So I have a matrix
$J(\vec q)=\left[\begin{array}{ccc} a_{11}(\vec{q}) & \cdots & a_{1n}(\vec{q})\\ \vdots & \ddots & \vdots\\ a_{m1}(\vec{q}) & \cdots & a_{mn}(\vec{q}) \end{array}\right]$
where $\vec{q}\in\mathbb{R}^{n \times 1}$ and $a_{ij} \in \mathbb{R}$
I am trying to approximate this matrix using first order Taylor expansion elementwise according to $ J(\vec q) \approx \left[\begin{array}{ccc} \frac{\partial a_{11}(\vec{q})}{\partial\vec{q}}\bigl|_{q_{0}}\Delta\vec{q}+a_{11}(\vec{q}_{o}) & \cdots & \frac{\partial a_{1n}(\vec{q})}{\partial\vec{q}}\bigl|_{q_{0}}\Delta\vec{q}+a_{1n}(\vec{q}_{o})\cdots\\ \vdots & \ddots & \vdots\\ \frac{\partial a_{m1}(\vec{q})}{\partial\vec{q}}\bigl|_{q_{0}}\Delta\vec{q}+a_{m1}(\vec{q}_{o}) & \cdots & \frac{\partial a_{mn}(\vec{q})}{\partial\vec{q}}\bigl|_{q_{0}}\Delta\vec{q}+a_{mn}(\vec{q}_{o})\cdots \end{array}\right]=\\ J(\vec{q}_{o})+\left[\begin{array}{ccc} \frac{\partial a_{11}(\vec{q})}{\partial\vec{q}}\bigl|_{q_{0}}\Delta\vec{q} & \cdots & \frac{\partial a_{11}(\vec{q})}{\partial\vec{q}}\bigl|_{q_{0}}\Delta\vec{q}\\ \vdots & \ddots & \vdots\\ \frac{\partial a_{11}(\vec{q})}{\partial\vec{q}}\bigl|_{q_{0}}\Delta\vec{q} & \cdots & \frac{\partial a_{11}(\vec{q})}{\partial\vec{q}}\bigl|_{q_{0}}\Delta\vec{q} \end{array}\right]$
where $\Delta \vec{q}=\vec{q}-\vec{q}_0$ is the deviation from the linearization point $\vec{q}_0$
- I guess this is a valid approach, although perhaps not the most efficient or standard? I couldn't find a "simple" approach online for doing this.

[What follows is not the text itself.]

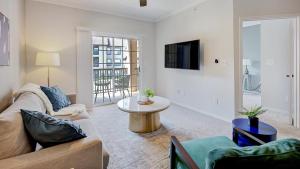 uma sala de estar com um sofá e uma mesa em Landing Modern Apartment with Amazing Amenities (ID5315) em Fort Worth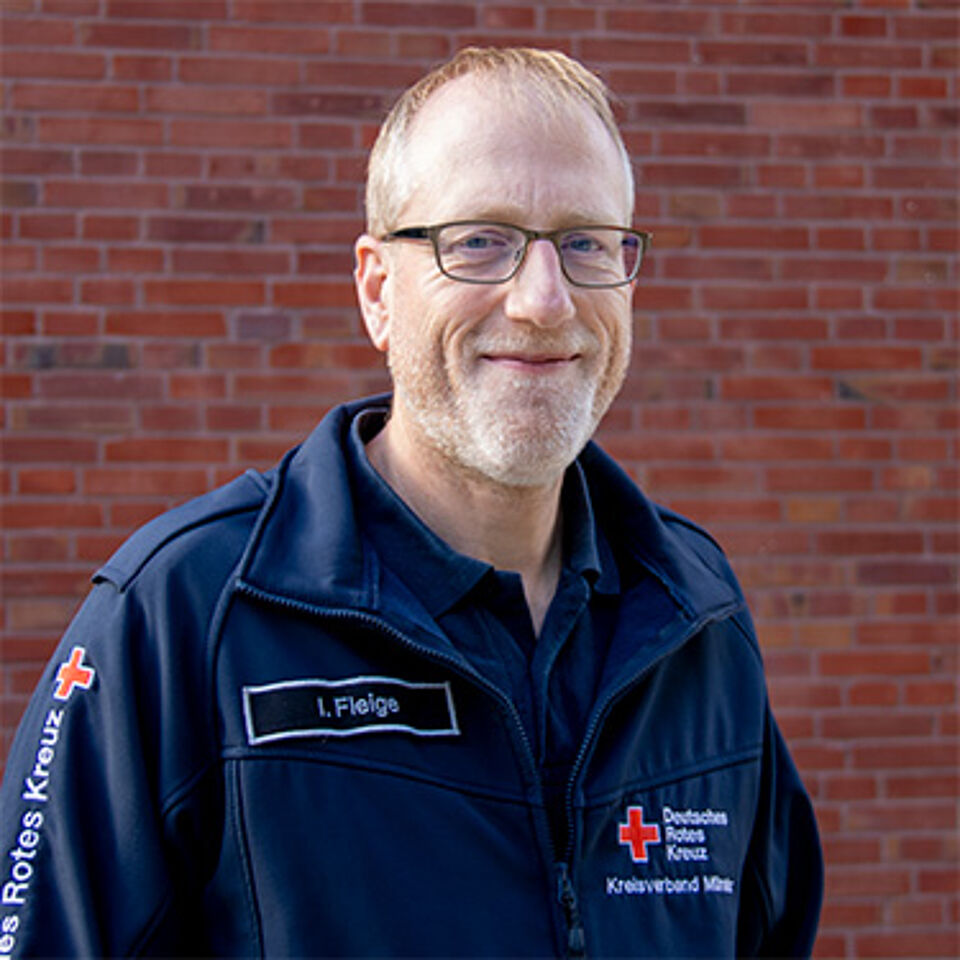 Mann mit Brille in blauer DRK-Jacke vor Backstein-Hintergrund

- My main concern is the last matrix to the right. I would prefer some expression where all partial derivatives end up inside one matrix and the deviations from the linearization point $\Delta \vec{q}$ end up outside of this, for simpler analytical treatment. I guess this is basic linear algebra but it was a while since I took a course in that so :)
Edit: So I got an answer here that I did not quiet understand as the notation was different from mine. I got one step further by differentiating by the scalar elements of $\vec q$ and then sum all contributions from the differentials $\Delta q_i$ resulting in
$J(\vec{q}_{o})+\left(\frac{\partial J}{\partial q_{1}}\Delta q_{1}+\ldots+\frac{\partial J}{\partial q_{n}}\Delta q_{n}\right)\\ =J(\vec{q}_{o})+\left(\frac{\partial J}{\partial q_{1}}\left[\begin{array}{ccc} 1 & \cdots & 0\end{array}\right]\Delta\vec{q}+\ldots+\frac{\partial J}{\partial q_{n}}\left[\begin{array}{ccc} 0 & \cdots & 1\end{array}\right]\Delta\vec{q}\right)\\ $
Although this explanation is a bit hand-wavy it is is easy to verify that the expression is exactly equal to the one first outlined. It is a bit closer to the solution at least.
You can write it in a form of sum:
$J(q)\approx J(q_0)+\sum_{j=1}^n (I_n\,dq_j )\cdot \partial_{q_j}J(q_0)$,
where $I_n$ is the identity matrix, and $\partial_{q_j}J(q_0)$ is the matrix $(\partial_{q_j}J_{m,n}(q_0))_{mn}$.
The operator is $P:=\sum_{j=1}^n (I_n\,dq_j )\cdot \partial_{q_j}$.
There are $n$ freedoms of the direction of the derivative, that is $dq_j$, $j=1,\cdots, n$.